The PowerPC

Volume Number:		10
Issue Number:		2
Column Tag:		Powering Up

The PowerPC

From CISC to RISC

By Richard Clark & Jordan Mattson, Apple Computer, Inc.

The Heart of the Next Generation

The forthcoming generation of Macintosh systems will be powered by the PowerPC family of RISC microprocessors. Apple’s decision to make this change wasn’t undertaken lightly. This month’s Powering Up will examine the differences between CISC and RISC, take a look at the PowerPC family of microprocessors, and close with a overview of the architecture of the first PowerPC implementation - the PowerPC “601”. This should help explain why Apple is making such a dramatic change to the Macintosh product line.

A brief history of the (CISC) universe

The earliest microcomputers were designed to be easy to program in assembly language and were designed to conserve memory, which was expensive and slow to access. (They were also designed according to the limited manufacturing techniques available.) This led to chips that had:

• Very few registers - often only an “accumulator” and one or two general-purpose registers

• “Complex” instructions that allowed assembly language programmers to write programs using a small number of these instructions instead of a large number of simpler instructions (this also conserved memory)
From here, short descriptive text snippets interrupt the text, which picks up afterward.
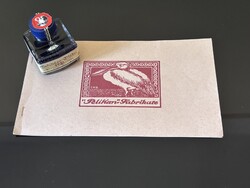 ELKÉPESZTŐ RITKA !!! NOS !!! PELIKAN Reklámbélyeg Kollekció 1984 Tinta,Festék, Radír....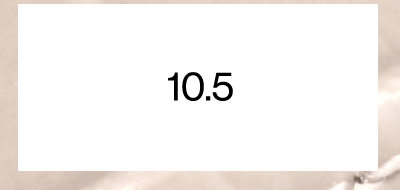 10.5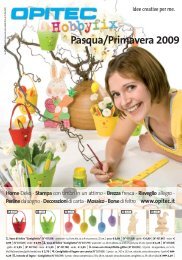 Pasqua/Primavera 2009 - Opitec.com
• “Variable length” instructions where the instruction (often 1 byte long) would be followed by the information needed by that instruction

• Multiple styles of accessing memory, known as “addressing modes,” which allowed programmers to access individual locations directly, via a pointer, by an offset to a pointer, by combining pointers, and so on

These processors also executed instructions serially - each instruction had to complete before the next instruction could begin.

As microprocessors evolved, from 8 bits to 16 bits to 32 bits, each new generation added more registers, more addressing modes, and new instructions; some chips even added a limited form of Pipelining - the ability to execute multiple instructions at once. But, the basic design was still oriented towards conserving memory and serving the needs of the assembly-language programmer, often at the expense of speed.

Enter RISC

In the early 1980s, several designers noticed that microprocessor design hadn’t kept up with the rest of the system. Memory was faster and much less expensive, assembly-languages had been replaced largely by such “high-level languages” as C and Pascal, and existing designs were pushing the limits of what could be manufactured. So they went back to the drawing boards, and came out with simpler designs that were optimized for speed and for use with high-level languages. These new designs used instruction sets made up of many simple instructions, and thus were dubbed “reduced” instruction set computers.

While the exact meaning of “RISC” is still a subject for debate, most RISC designs include:

• A large number of general purpose registers, and few special-purpose registers

• Instruction sets which are well matched to the needs of compilers, and which contain many “simple” instructions

• Instructions which fit completely in a single “word” (including the data used by the instruction), and which are encoded in an easy to process format.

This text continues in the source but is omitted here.